3. If so, if there is one that has the same "UniqueID" key, copy the smatool.exe (under ...\Program Files\Altiris\Notification Server\Tools") and save it in on one of those client machines.
Run the following command from the command prompt:
SMATool.exe /AGENT DUMP RESOURCEKEYS

Do the same on another client machine. Compare both outputs and if both returned that "uniqueid" value.
Example of the output results:

C:\>smatool.exe /AGENT DUMP RESOURCEKEYS

Keys:

         fqdn: F90VK252.domain.com

         name.domain: F90VK252.DOMAIN

         name.domain: F90VK252.domain.com

         uniqueid: 34695159-a56d-4b82-bbb0-0d0983980963

         uniqueid: dm48o2Lm0uKo/ATISfE/Ww==

         uniqueid: gejEU1C/W38BThNjmmhIpw==

         uniqueid: mYmhJUH3Pw330gioaN/yTg==

         uniqueid: O9JOrrHMOuXpKMA/V9ly0Q==

 

Keys source data:

         UUID: 2BCBB34C-2242-11B2-A85C-87516FE90E31

         Motherboard Serial: W1KS86S10V0

         Board BIOS Serial: R90VK252

         NIC 1: Name: Intel(R) Ethernet Connection (4) I219-V

        NIC 1: Instance ID: {3F0BCC64-93AC-457F-B3D8-7574CBD36588}

         NIC1 :PnPDevNodeID: PCI\VEN_8086&DEV_15D8&SUBSYS_225A17AA&REV_21\3&11583659&0&FE

         NIC1 :MAC(permanent): 48-2A-E3-09-23-2E

         NIC1 :Fingerprintstring: 2BCBB34C-2242-11B2-A85C-87516FE90E31W1KS86S10V048-2A-E3-09-23-2E

         NIC2 :Name: Intel(R)DualBandWireless-AC8265

         NIC2 :InstanceID: {E9944BE4-97F0-46C7-B094-0DBD3D4D45FC}

         NIC2 :PnPDevNodeID: PCI\VEN_8086&DEV_24FD&SUBSYS_00108086&REV_78\D4D252FFFF799E1500

         NIC2 :MAC(permanent): D4-D2-52-79-9E-15

         NIC2 :Fingerprintstring: 2BCBB34C-2242-11B2-A85C-87516FE90E31W1KS86S10V0D4-D2-52-79-9E-15

In this particular example, uniqueid: 34695159-a56d-4b82-bbb0-0d0983980963 refers to "DSUniqueID" value generated when the initial image was taken. For some reason the image with DSUniqueID written was used to image all those machines.

4. Look for the following values:

Depending on the SMP version, this "DSUniqueID" can be found either in "HKEY_LOCAL_MACHINE\SOFTWARE\Altiris\Altiris Agent" and/or in "aexnsagent.ini" located in "C:\windows" or "C:\windows\system32".

Check both places on these affected machines and remove IDs from there.
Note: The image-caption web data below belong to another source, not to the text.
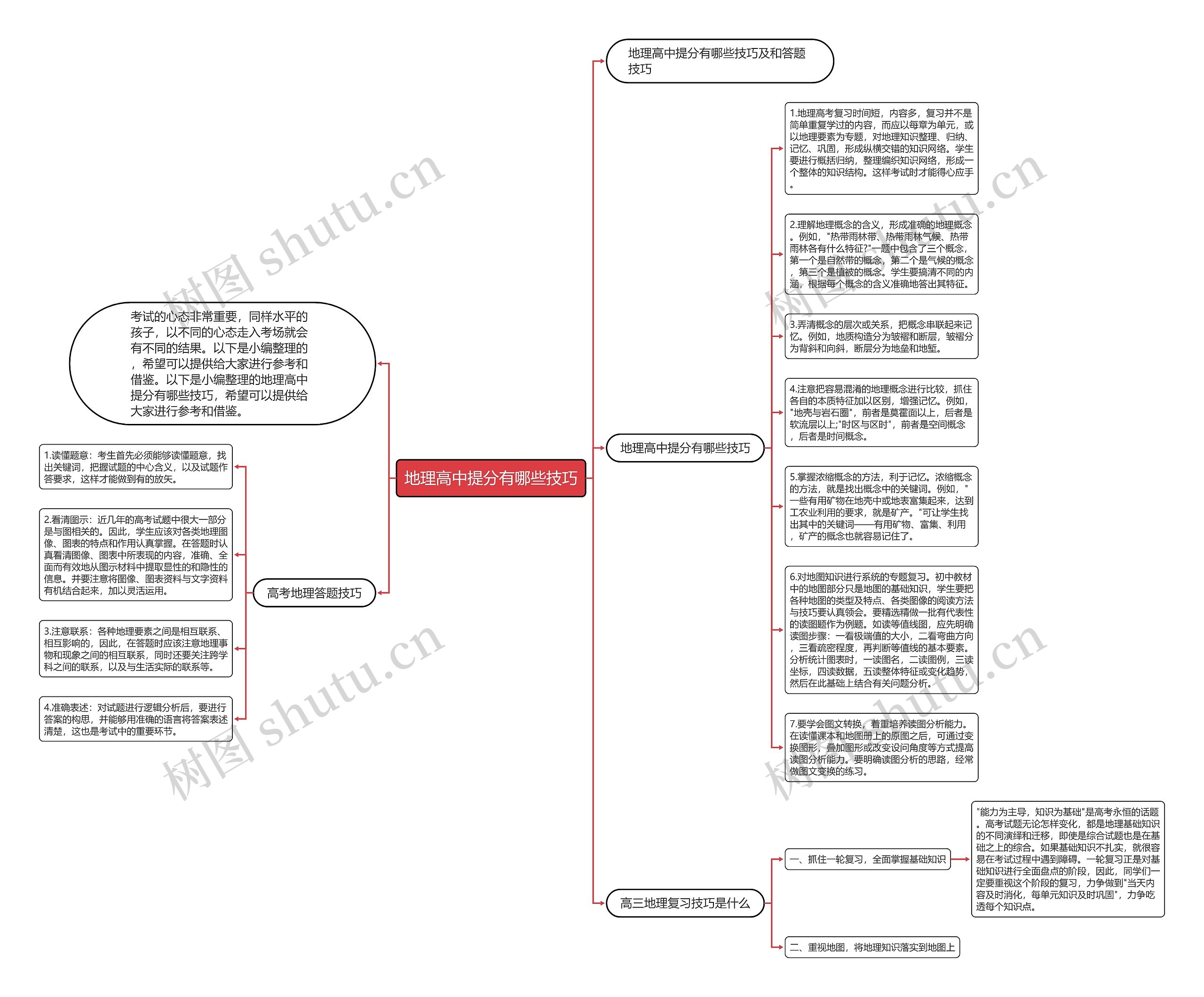 地理高中提分有哪些技巧思维导图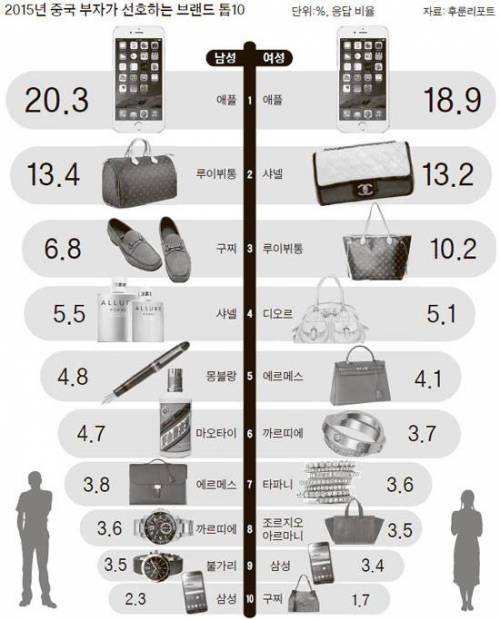 중국 부자들이 좋아하는 브랜드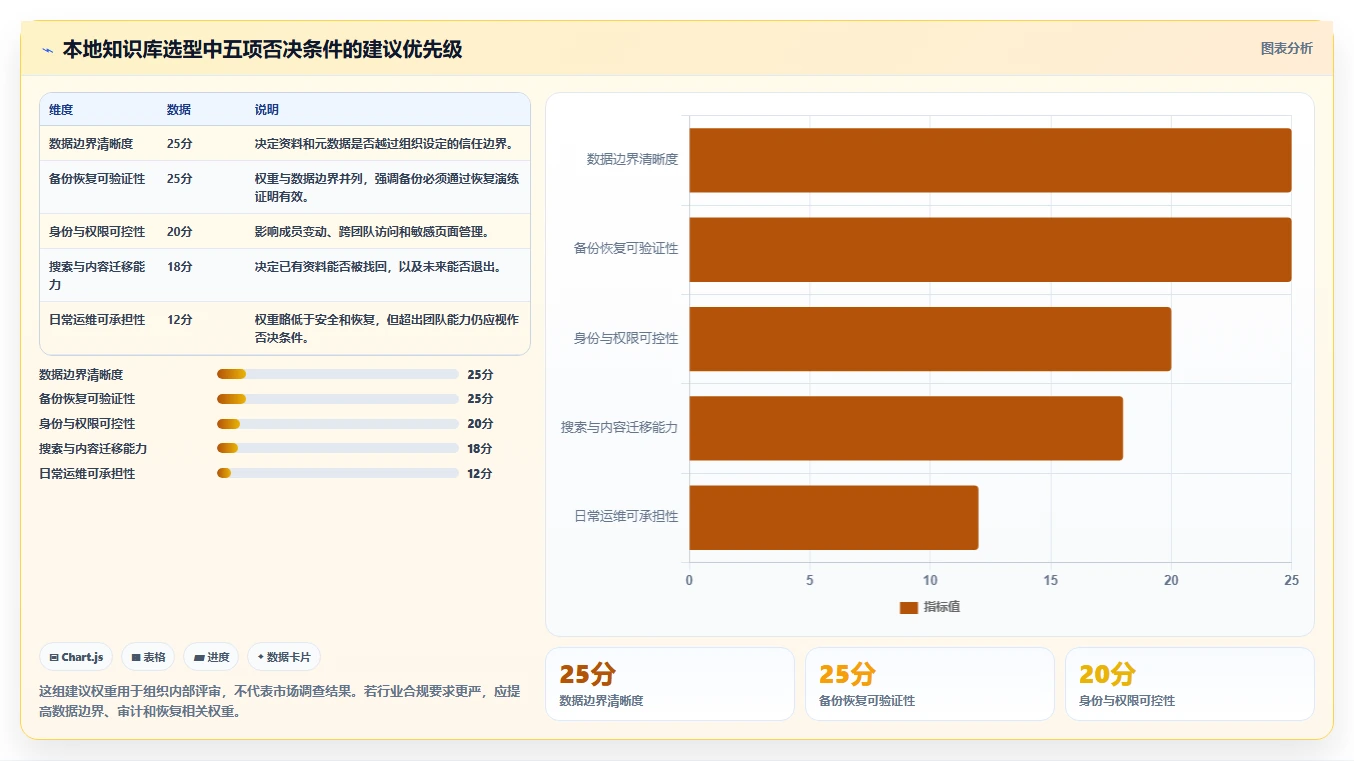 研发团队的得力助手：2026年最值得投资的5款本地知识库系统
You can remove the whole "aexnsagent.ini" file and any registry value starting with "DSUniqueID".

After that, let make sure the duplicate GUID is in the AgentBlackList table and let the client machines to check in and get a new GUID.
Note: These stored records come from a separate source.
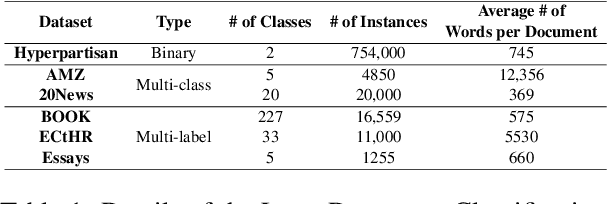 Figure 2 for Graph-tree Fusion Model with Bidirectional Information Propagation for Long Document Classification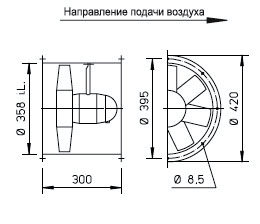 Габаритные размеры высокомощного осевого вентилятора Высокомощные осевые вентиляторы HQ/HW/HS/HRF Helios HRFW 355/4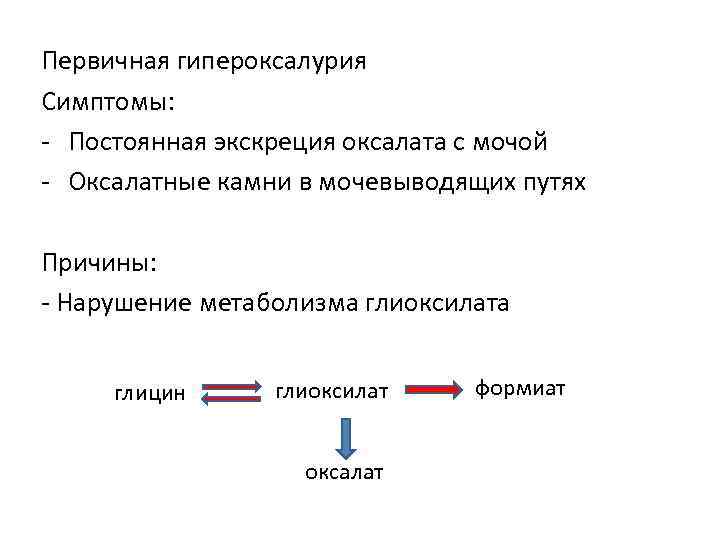 Первичная гипероксалурия Симптомы: - Постоянная экскреция оксалата с мочой - Оксалатные камни в мочевыводящих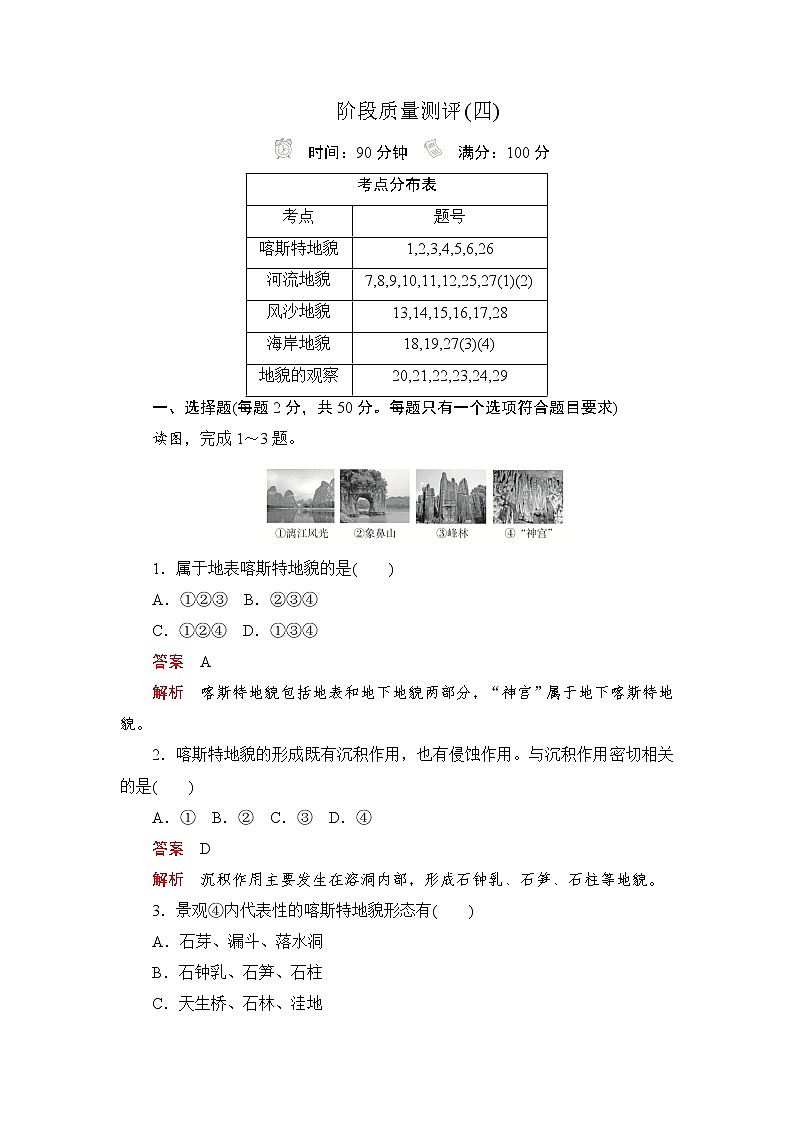 2019-2020学年新教材突破地理人教版必修第一册练习：阶段质量测评(四)01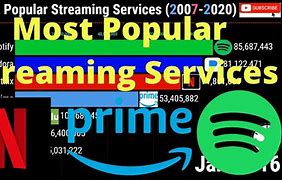Image result for Top 10 Streaming Services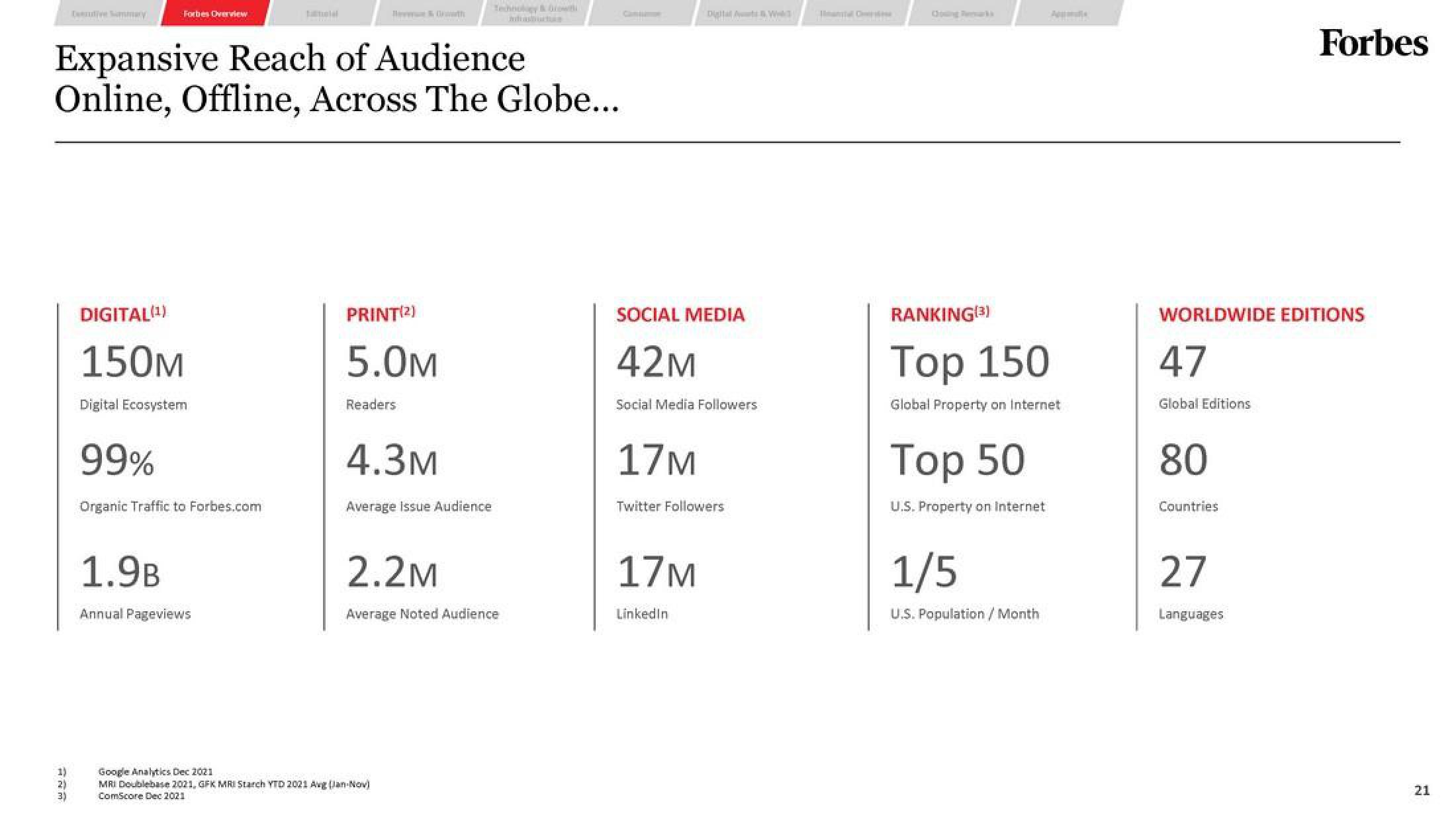 Forbes SPAC Presentation Deck slide image #21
5. As well, you need to do remove references of "DSUniqueID" and "MachineGUID" regkeys and delete "aexnsagent.ini" file from the image if you continue imaging from it.

Note:
In order to avoid this issue, make sure you properly sysprep your imaging machine, especially making sure the 'Prepare for image capture' task has ran (KB 161011 "Preparing Windows 10 to run a 'Prepare for Image Capture' (sysprep) task using Deployment Solution 7.x/8.x" ).